たしかに、そう書かれると「大衆」というのは歴史的条件の変化にかかわらず相貌を変えることのない超歴史的「常数」のようなものだと私たちは思ってしまう。けれども、それはやはり違う。吉本のいう「大衆」もまた歴史的形成物であることに変わりはないのである。「戦争体験と責任の問題に対処できる」主体たりうるような「大衆」はある種の歴史的条件が整ったことによって登場し、その歴史的条件が失われたときに消失してゆく。

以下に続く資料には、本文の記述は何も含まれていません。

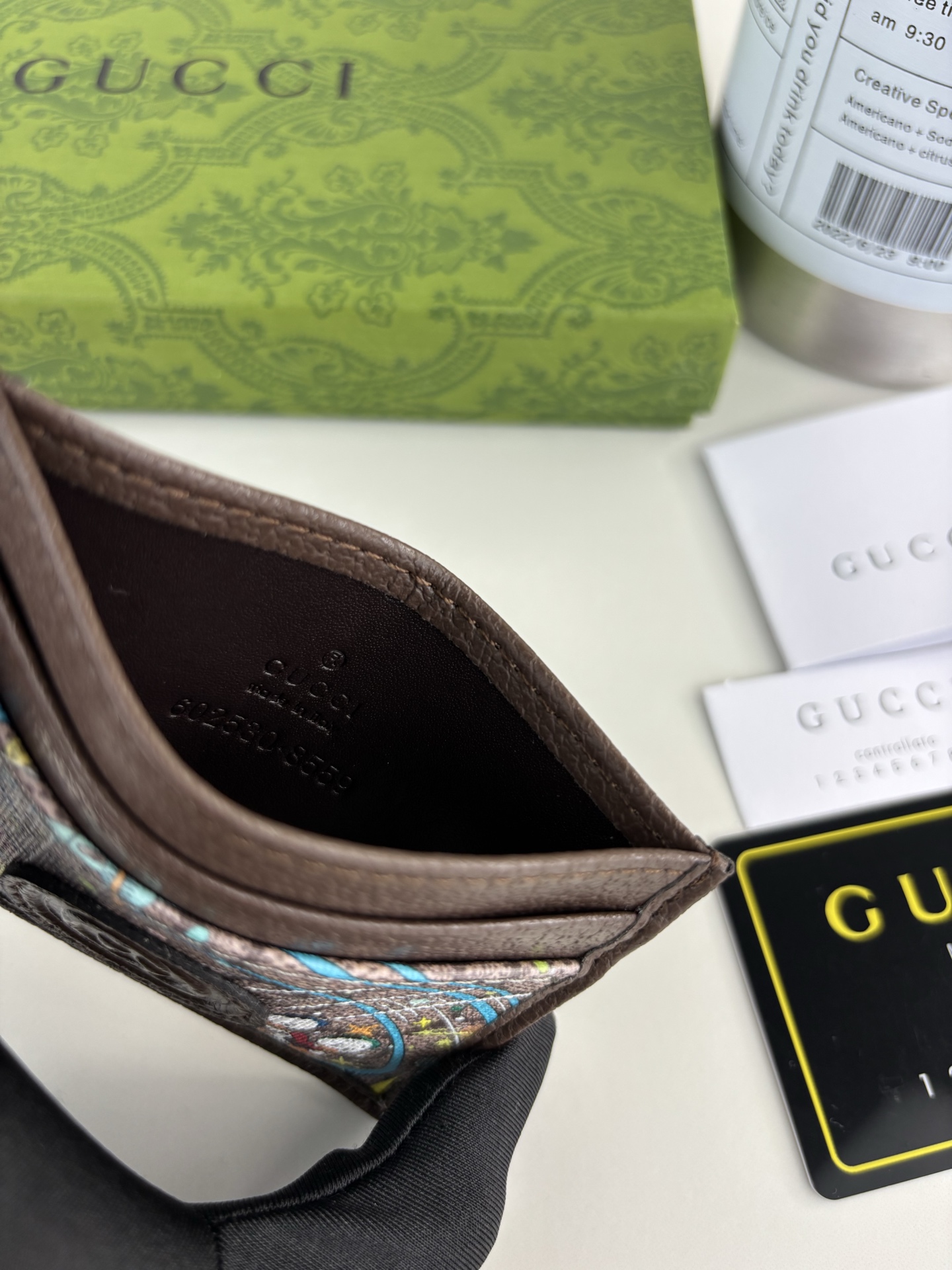 GUCCI 唐老鸭シリーズ クラシックな魅力とファミリーの楽しさ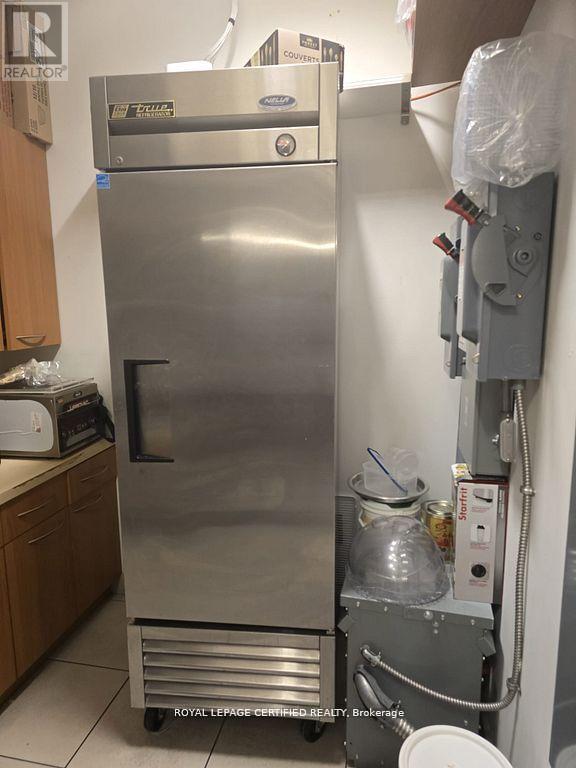 4141 Dixie Road, Mississauga (Rathwood), Ontario  L4W 1V5 - Photo 9 - W12835430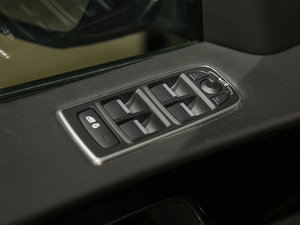 20182.0T (q) {܇ƅ^(q)	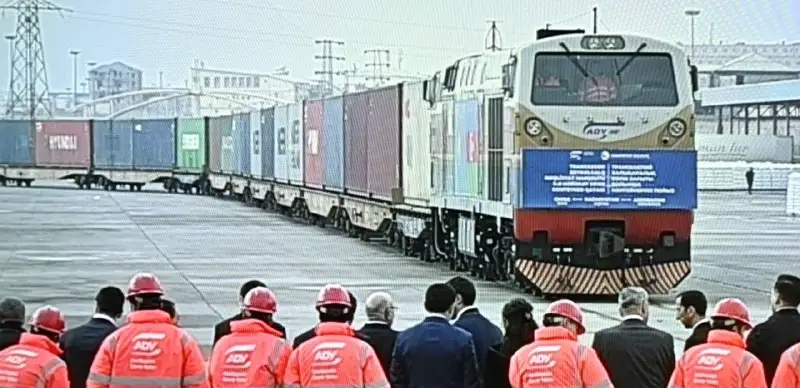 контейнерный поезд из Сианя 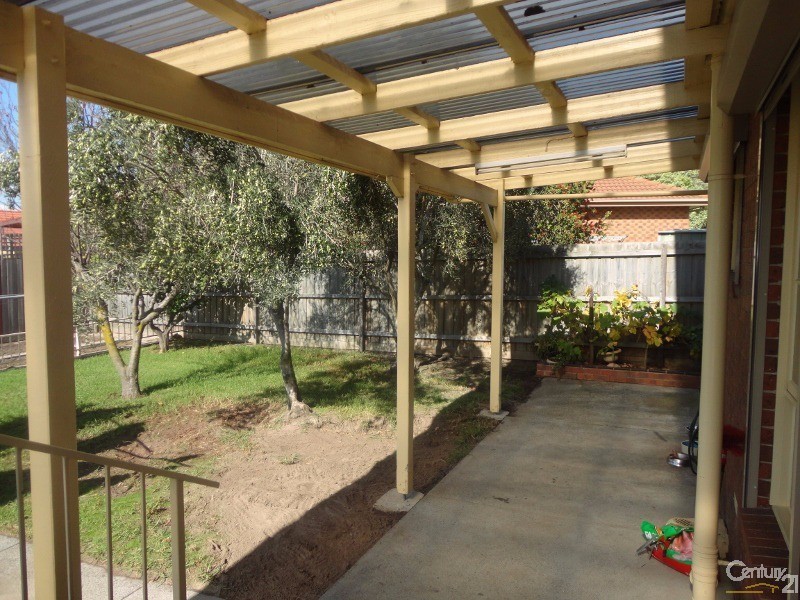 43 Sandalwood Drive, Oakleigh South VIC 3167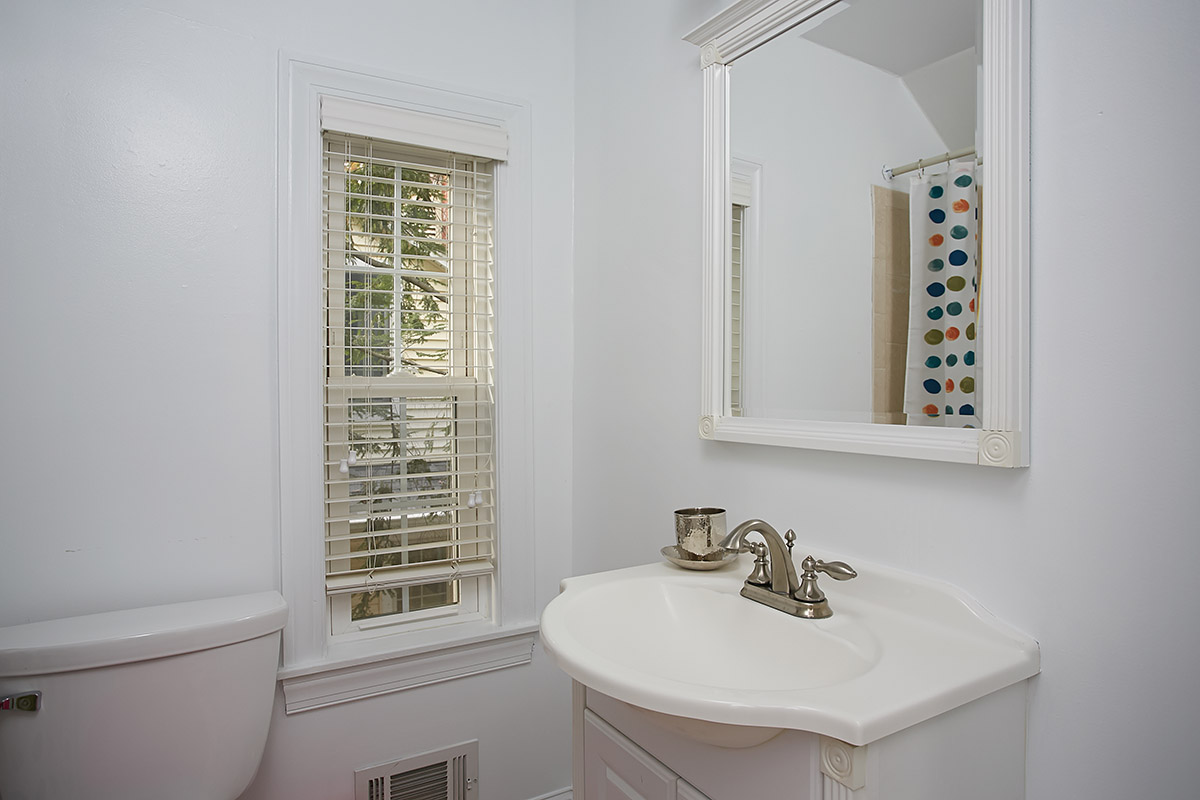518 Tennessee Ave, Alexandria, VA 22305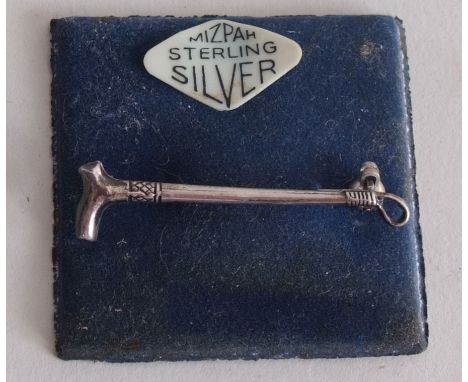 A 20th century Mizpah silver brooch, in the form of a riding whip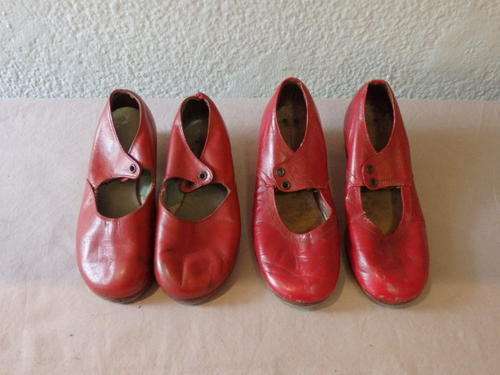AN EXQUISITE SET OF TWO PAIRS OF RED GIRLS TAP DANCE SHOES IN A SIZE 8 AND 10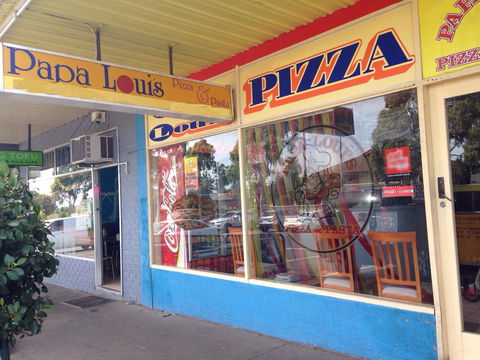 Papa Loui's Pizza - Pubs Melbourne 0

吉本は大日本帝国臣民という仮想的な立ち位置から戦後思想を撃つというトリッキーな戦術によって一時期圧倒的な思想的アドバンテージを確保した。しかし、吉本のアドバンテージもまた歴史的条件によって規定されたものである以上、時間の経過とともに消失してゆくのはやむを得ないことであった。日本人のほとんどが「大日本帝国臣民である生活者」たちの相貌についての記憶を失った1980年代に、日本人は吉本隆明の「大衆」という言葉が何を指示しているのかしだいにわからなくなった。そのとき吉本隆明の政治思想の批評性がその例外的な「切っ先」の鋭さを失ってしまったとしても、それは歴史の自然過程という他ない。